You will know what I mean if you’ve seen any of SS-GB, the BBC’s new drama based in an alternative-reality Britain in which the Nazis won and we lost. It is well made and beautifully shot, but as one letter writer put it in The Herald this week: “I understood the German better than I did the English and that is without subtitles.”

This problem of mumbling seemed to start with the BBC’s big adaptation of Jamaica Inn three years ago, which again looked great, but at the time I remember asking why no-one questioned the central problem with the show. Why did no-one say: "Hang on, it looks great but I can't understand a single word that man is saying?" Are we so obsessed with how something looks now that the words are irrelevant?

Other shows have been accused of the same problem and a number of theories have emerged. One is that producers and directors watch the playback of their programmes on the very best, high-end technology with good speakers so they can make out every word and don’t realise there’s a problem.

Another theory is that modern televisions are to blame. The fashion in recent years has been for flat-screen sets, which is fine but the speakers tend to be small and tinny.

But the real explanation for the mumbling has nothing to do with technology and everything to do with how acting has changed. Fifty years ago, when an acting student arrived at drama school with a regional accent or an indistinct way of speaking, it was very quickly drummed out of them. The pinnacle of the profession was Laurence Olivier whose delivery was so beautiful clear and precise you could hear every syllable ting as he spoke.

That way of talking has now gone out of fashion, and we probably don’t want to go back to the days when everyone on television sounded very similar – clear but similar. However, we have gone too far the other way and eschewed that old-school received pronunciation and celebrated “real” ways of talking to the point where no one can actually understand what is being said.

The other problem is the diminishing power of the director and the increasing power of the actor. Again, 50 years ago, television directors were the powerhouse; they were the ones who made the decisions and told actors to do a retake if necessary. These days, the producer, and his or her big actor star, tend to hold the power and the director has a much more functional role ie. get the programme out.
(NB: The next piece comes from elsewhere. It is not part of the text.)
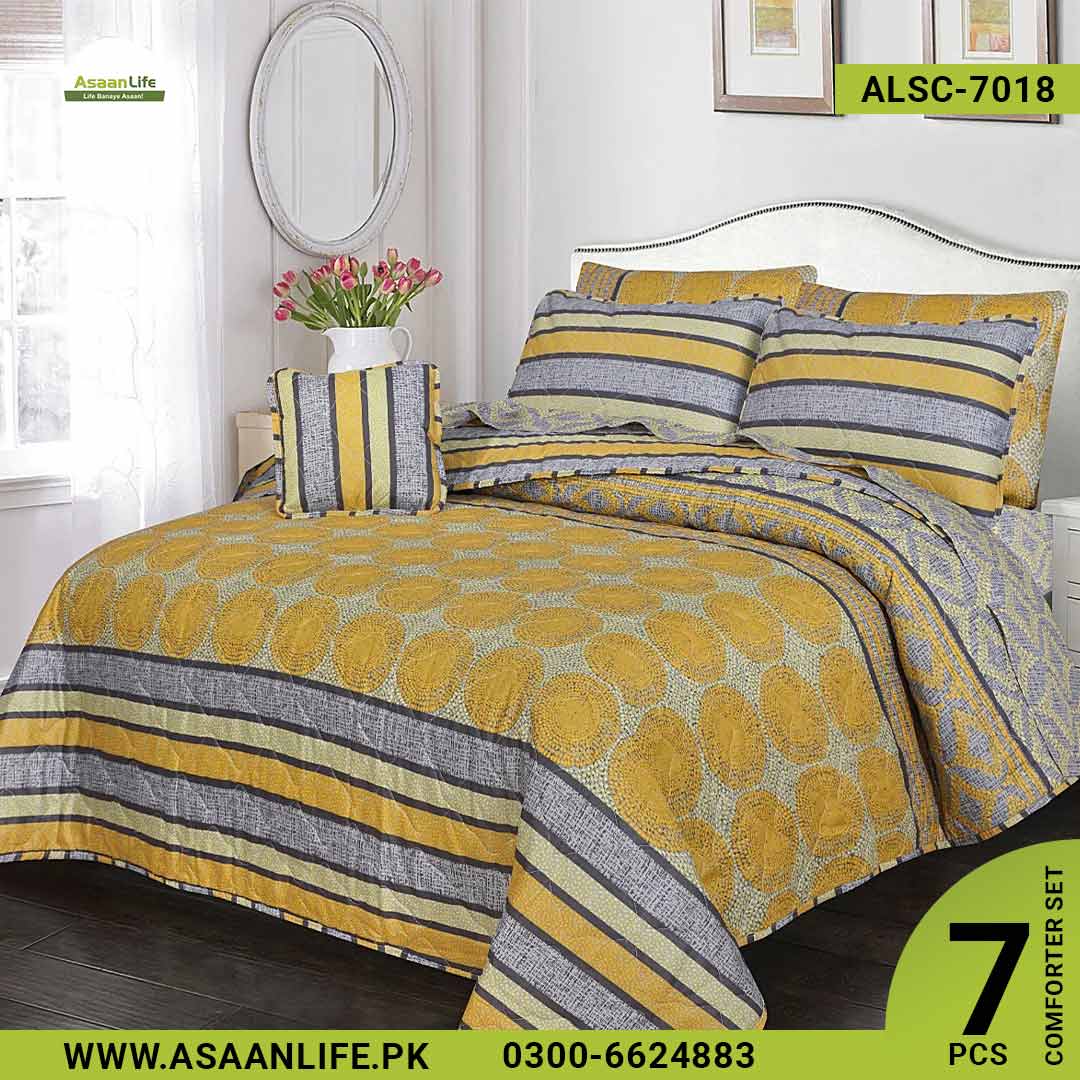 Asaan Life | 7 Pcs Comforter Set | Double Bed | King Size | ALSC-7018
They are much less likely to question their actors or ask them to do a line again if it was inaudible.

All of this means that the mumbling problem is not going to go away until we have a rethink about how actors are told that one of their jobs is to be understood. You can point the best microphone in the world at an actor, but if the words are slopping lazily over their lips in an attempt to be “real”, then there is nothing much we can do about it.